• [ACTIVITY]:
Every line from the one holding "35 GRANT RD, Charles Town, WV 25414" through the one holding "1106 Richardson Road, Tallahassee, FL 32301" in the data below must be returned exactly, both ends included, with pictures left out and nothing else added.

• [INPUT RECORDS]:
+++

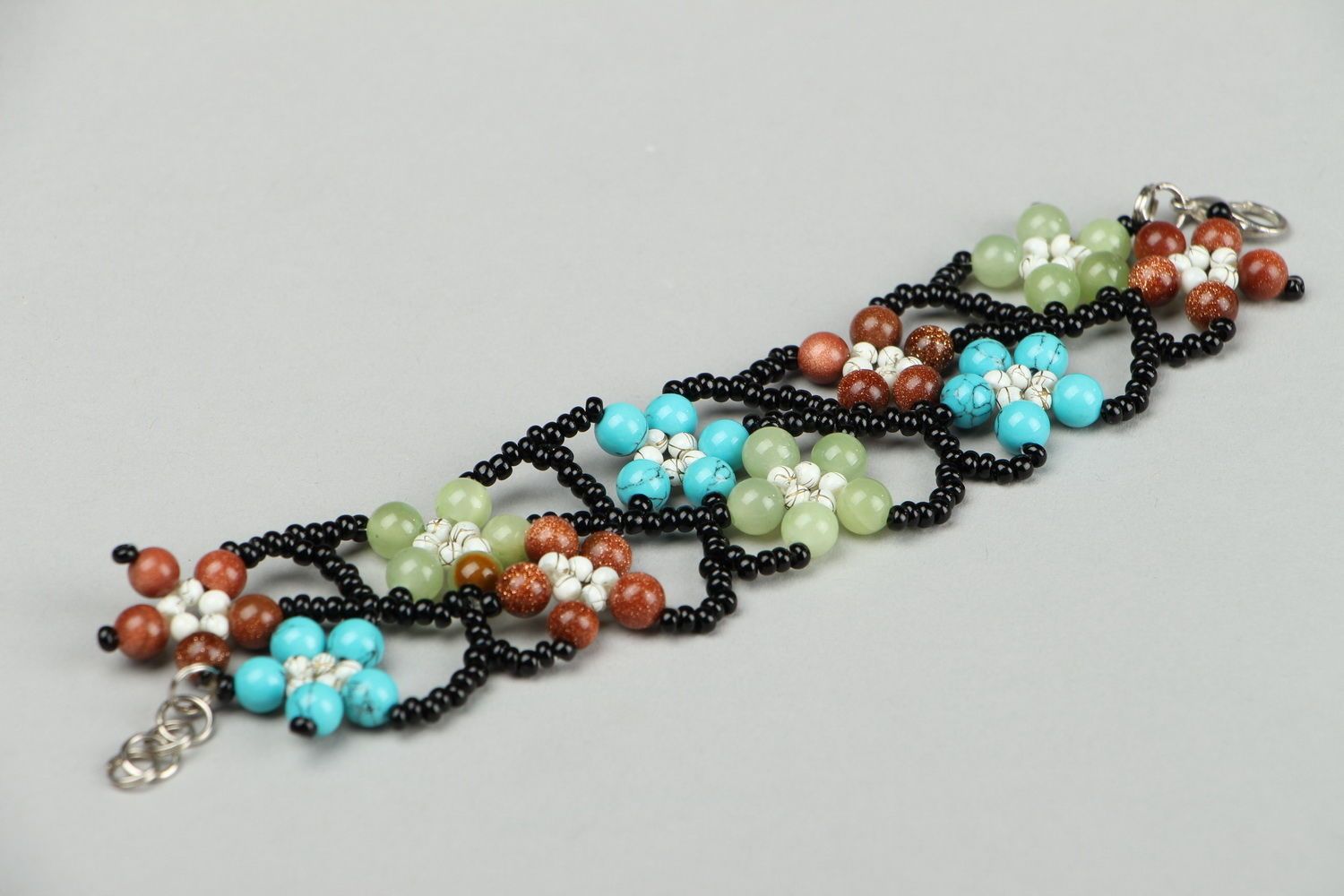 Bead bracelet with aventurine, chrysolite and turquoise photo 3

+++

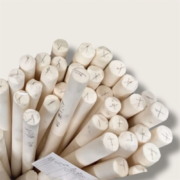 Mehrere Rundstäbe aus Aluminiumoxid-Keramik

+++

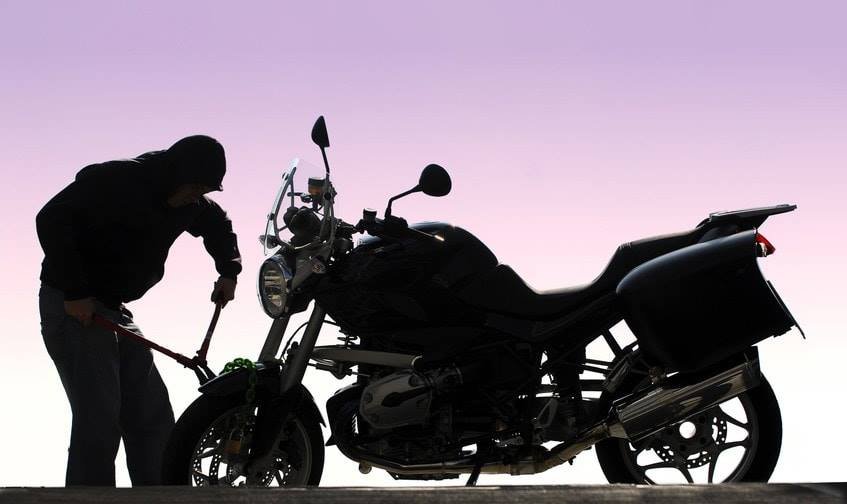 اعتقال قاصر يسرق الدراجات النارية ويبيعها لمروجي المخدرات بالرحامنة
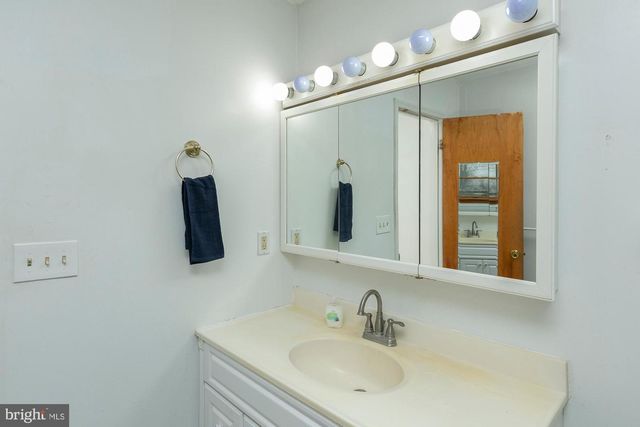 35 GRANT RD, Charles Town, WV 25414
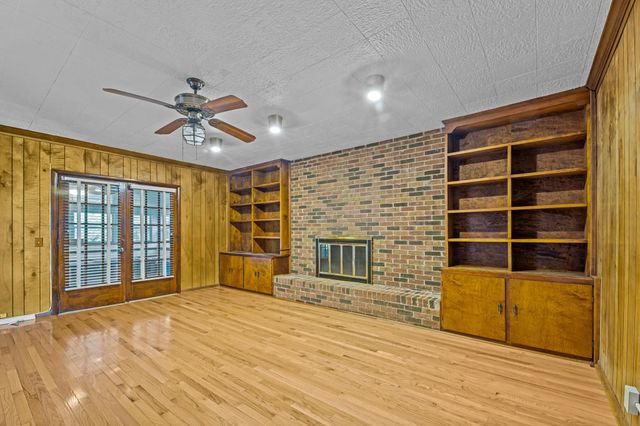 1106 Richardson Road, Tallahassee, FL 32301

+++

• [EXERCISE ANSWER]:
 35 GRANT RD, Charles Town, WV 25414
 1106 Richardson Road, Tallahassee, FL 32301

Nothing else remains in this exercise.